Dengan tragis, seperti penelitian Jeffrey Winters dalam
Oligarchy (2011), konsentrasi ekonomi dan kekayaan di Indonesia berlangsung
sangat ekstrem dibandingkan dengan negara-negara lain yang tidak punya
Pancasila dan tak berfalsafahkan "Ketuhanan
Yang Maha Esa". Coba bayangkan nilai total kekayaan 40 orang
Indonesia yang masuk majalah Forbes sebanding dengan 10,3 persen produk
domestik bruto Indonesia.
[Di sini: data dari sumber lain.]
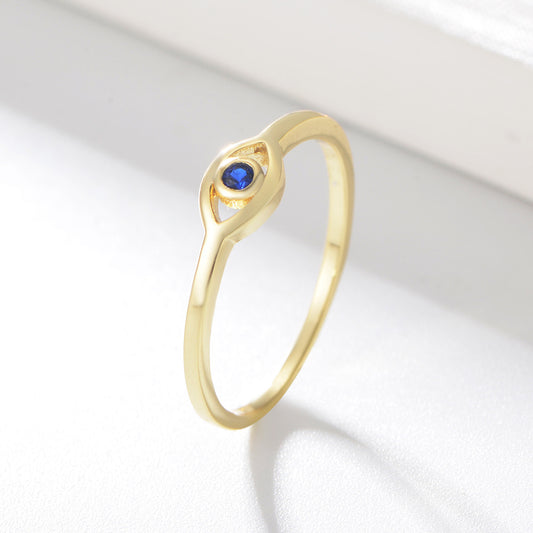 Anillo de Plata 925 con Baño de Oro 18K Ojo de Dios y Circonitas - Joya Nupcial Elegante para Mujer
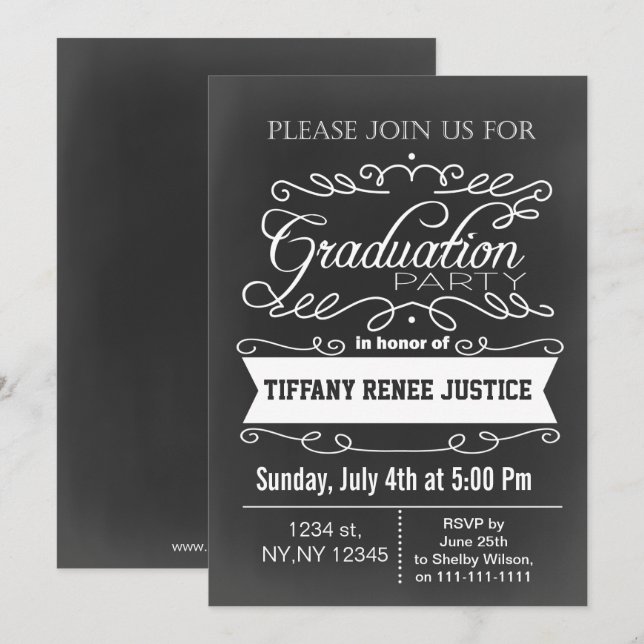 Invitation vintage Chalkboard Graduation Party (Devant / Derrière)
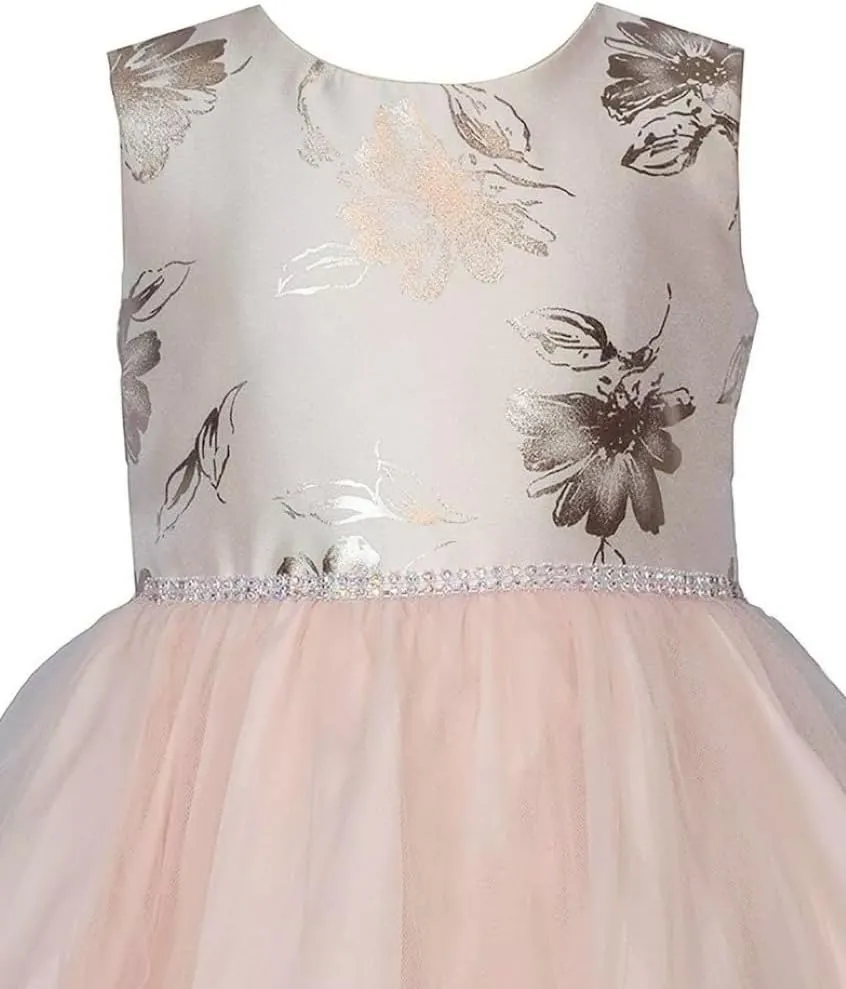 Bonnie Jean Girls 3M-6X Blush Platinum Foiled Floral Mikado Mesh Dress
Tidak perlu juga disebutkan indeks korupsi di
negeri kepulauan karena sudah menjadi pengetahuan bersama bagaimana korupsi menjadi sebuah kerajinan
laten dan diternakkan dengan gempita sehingga nyaris kita menjadi bangsa yang
sudah kehilangan rasa malu.
Politik
kewargaan
Di tangan penguasa hari ini dengan program utama memberikan
kepastian hadirnya negara di hadapan rakyatnya dan tekad mendistribusikan kesejahteraan,
bahkan menganggit ingatan terhadap Trisakti dan Nawacita-nya Bung Karno,
sudah seharusnya semangat kewargaan kembali dihidupkan. Hal ini tak lain agar
Negara Kesatuan Republik Indonesia (NKRI)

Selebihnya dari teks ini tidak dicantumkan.